Their new accent might sound French, Chinese, Slavic, or any other nationality, but it’s not really an accent.

According to Regina Jokel, a speech-language pathologist in Toronto, this issue is “really a speech impediment that makes them seem ‘foreign,'” albeit the “origin” of the accent is often in the listener’s ear.

According to Dr. Gregory O’Shanick, president and medical director of the Center for Neurorehabilitation Services in Virginia, the problem isn’t a newly acquired accent, but a disruption in the patient’s ability to construct words.

The situation of the Croatian teen, on the other hand, is a little more perplexing because she is said to have switched languages. Though her health is unknown, scientists believe her injury has something to do with impairment to the brain’s language producing regions.

Waking Up German

“These kinds of events are infrequent so being able to really study them in a consistent way is difficult,” O’Shanick says, “but there are cases where persons learning a second language will be better able to speak that language post-injury.”

According to him, this shift is due to the distinct locations in the brain where linguistic knowledge is stored.

While the information that allows one to talk in one’s native tongue is stored on the left side of the brain, O’Shanick claims that the ability to speak a second language is primarily derived from the right side.

A second (or third, or fourth) language learned in early childhood will be preserved alongside the first, according to Jokel, while languages gained later in life will be stored somewhere else.

As a result, when trauma leads to enhanced memory of the second language, O’Schanick speculates that they may have suffered a brain injury to the left side.

In a similar example reported in the United Kingdom, a Czech race car driver regained consciousness after a crash and spoke only English to the rescuers — with a British accent, no less. However, this was only a brief impact, and he quickly resumed using his native Czech.
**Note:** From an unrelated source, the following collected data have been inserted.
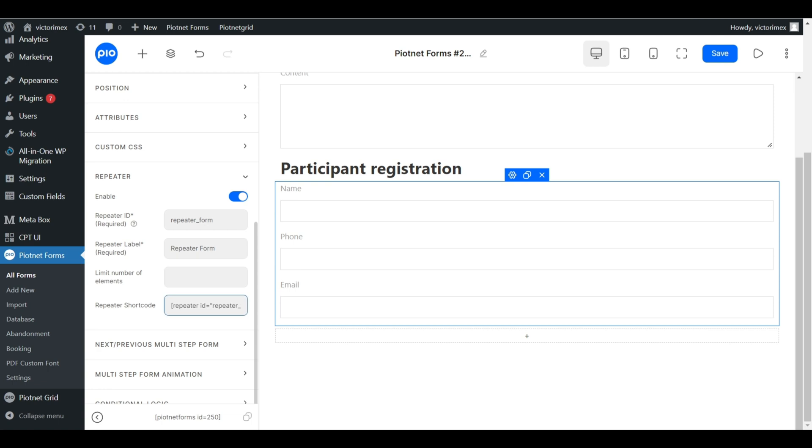Repeater shortcode is created after that. This element will be used in mapping of submit post action.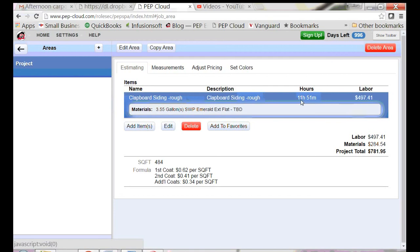It's going to take about 11 hours and 51 minutes to paint if I'm working industry standards. And if that is true, then the labor cost is going to be just under $500.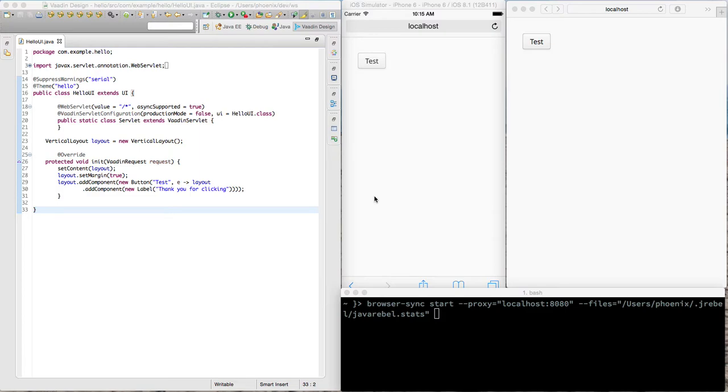Hello, this is Jons Lehtien from Vaadin. What I'm doing here is trying to test browser sync with Vaadin and JRebel. So let's get started.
“When a brain injury happens, such as from a car accident, a stroke, a tumor, or other reasons,” Jokel explains, “certain parts of the network may be preserved while others are temporarily or irreparably destroyed.”

“It’s not typical, but it’s not unheard of for a multilingual person to lose one language totally or partially while retaining another.”

Many doctors are skeptical about the Croatian instance.

“This would have been looked to as a miracle in past times,” said Dr. Mijo Milas, a mental expert engaged in the teen’s case. press. “We like to believe that there must be a logical explanation somewhere; we just haven’t discovered it yet.”